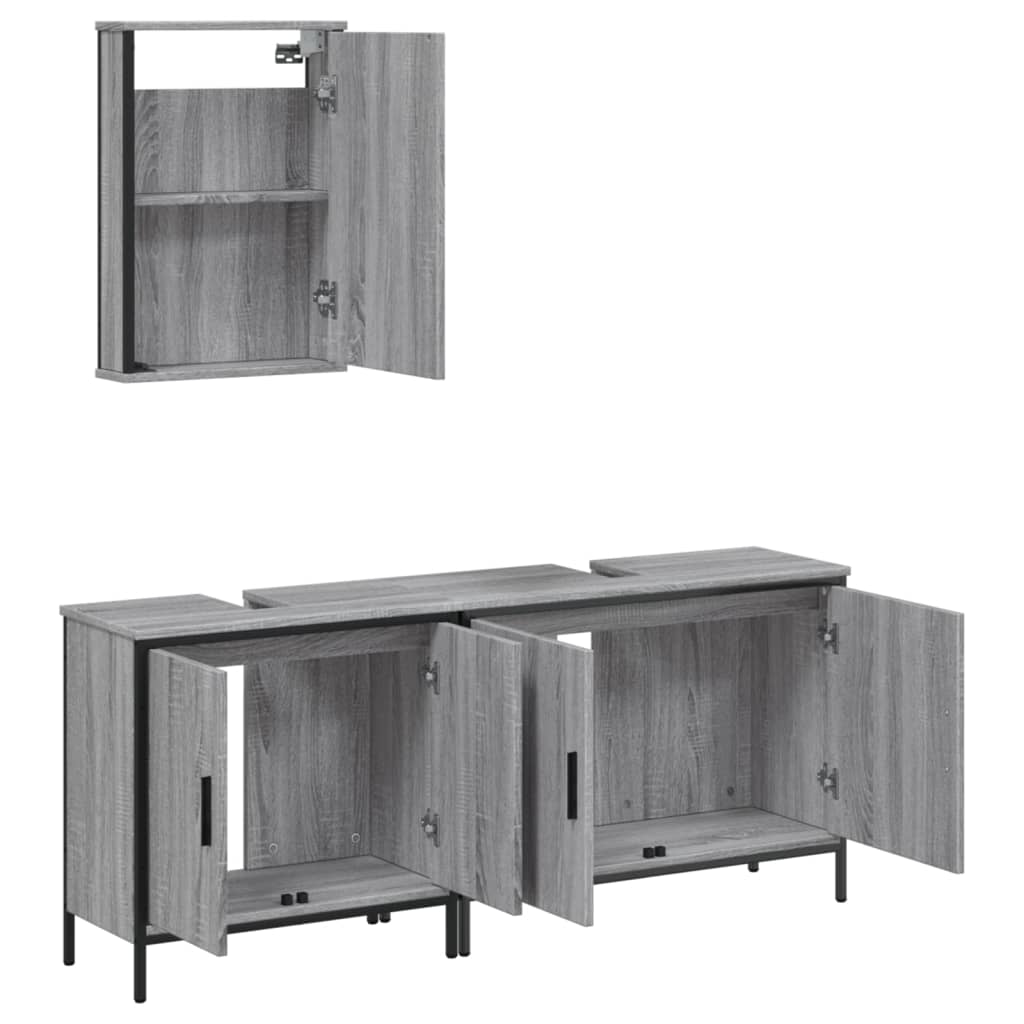 Set mobilier de baie, 3 piese, gri sonoma, lemn prelucrat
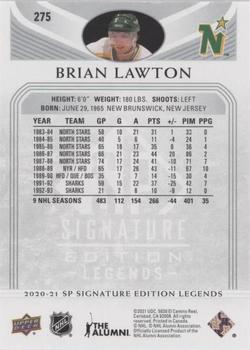 2020-21 SP Signature Edition Legends - Silver Script #275 Brian Lawton Back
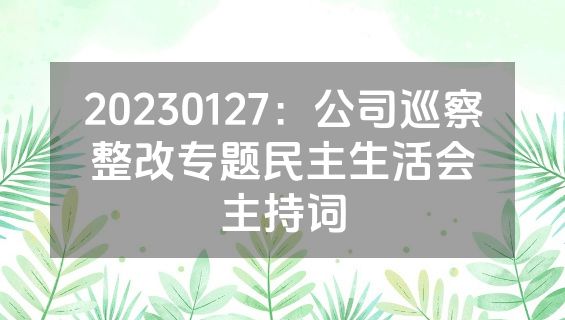 20230127：公司巡察整改专题民主生活会主持词
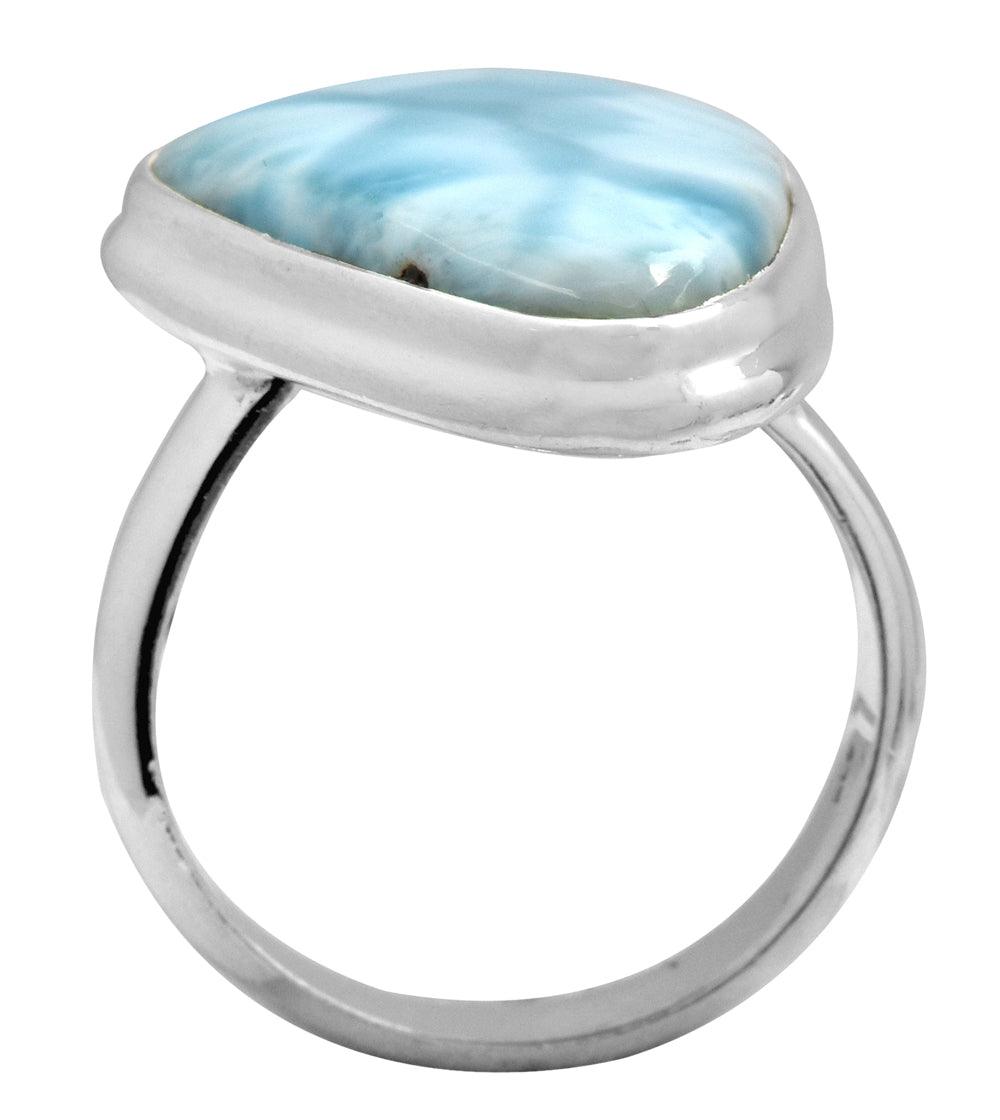 Natural Larimar 925 Sterling Silver Rings Silver Jewelry - YoTreasure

▶ **Task instructions**
Omit the pictures and write out exactly the lines from the one containing "20230127：公司巡察整改专题民主生活会主持词" through the last line of the material.

▶ **Answer section**
 20230127：公司巡察整改专题民主生活会主持词
 Natural Larimar 925 Sterling Silver Rings Silver Jewelry - YoTreasure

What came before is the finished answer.